AM5K2E04: RAM read errors

Muhand Alkhouri

Part Number: AM5K2E04

Hello,

We observe RAM read errors on some of our products. The nature of the read errors is explained in the following attachments-Files :

KS2_DDR_Debug_Spreadsheet_v1_01_errata_applied_error_occurs.xlsx (Debug results after applying KeyStoneII.BTS_errata_advisory.35 in case of error)

KS2_DDR_Debug_Spreadsheet_v1_01_errata_applied_no_error.xlsx (Debug results after applying KeyStoneII.BTS_errata_advisory.35 in case of no error)

KS2_DDR_Debug_Spreadsheet_v1_01_without_errata_error_occurs.xlsx (Debug results befor applying KeyStoneII.BTS_errata_advisory.35 in case of error)

KS2_DDR_Debug_Spreadsheet_v1_01_without_errata_no_error.xlsx (Debug results befor applying KeyStoneII.BTS_errata_advisory.35 in case of no error)

we have noticed the KeyStoneII.BTS_errata_advisory.35 is not applied in our Products, but unfortunately applying KeyStoneII.BTS_errata_advisory.35 doesn't lose our problem.

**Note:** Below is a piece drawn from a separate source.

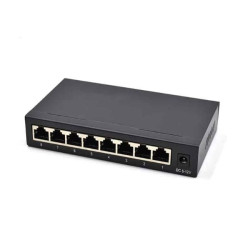 Switch diprogress 8 porte gigabit ethernet 10/100 in metallo nero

we hope that you can help us to solve this problem

best regards

Muhand AlkhouriKS2_DDR_Debug_Spreadsheet_v1_01_errata_applied_error_occurs.xlsx KS2_DDR_Debug_Spreadsheet_v1_01_errata_applied_no_error.xlsx KS2_DDR_Debug_Spreadsheet_v1_01_without_errata_error_occurs.xlsx KS2_DDR_Debug_Spreadsheet_v1_01_without_errata_no_error.xlsx

over 2 years ago

0 Shankari G over 2 years ago

TI__Mastermind 19805 points

Dear Customer,

Good day!.

Customer Says " We observe RAM read errors on some of our products. The nature of the read errors is explained in the following attachments-Files :"

Would you please, let us know, how do you test the RAM-read? Using gel file running through CCS?

If yes, would you please specify the information about the gel file used?

Regards

Shankari G

0 Muhand Alkhouri over 2 years ago in reply to Shankari G

Prodigy 10 points

Hello,

thank you for the answer. please see in attachment the information about the used gel file.keystone2-ddr3-debug-tools.zip

best regards

0 Rajarajan Uthayakumar over 2 years ago in reply to Muhand Alkhouri

TI__Expert 4314 points

Hi Muhand,

Issue is due to the gel file. Wile loading the gel file, EVM does not connect and goes to non-responsive state. I have been debugging the gel file. Will provide my suggestions ASAP.

Thanks,

Rajarajan

0 Rajarajan Uthayakumar over 2 years ago in reply to Rajarajan Uthayakumar

TI__Expert 4314 points

Hi Muhand,

I can able to run the project on my EVM using the attached gel file, PFA.

2577.evmk2e.gel

And the gel file that you have shared was not allowing the board to connect to CCS (using OnTargetConnect() function in gel file), since t is wrongly pointing C6657 (Keystone 1) core. Please refer below image.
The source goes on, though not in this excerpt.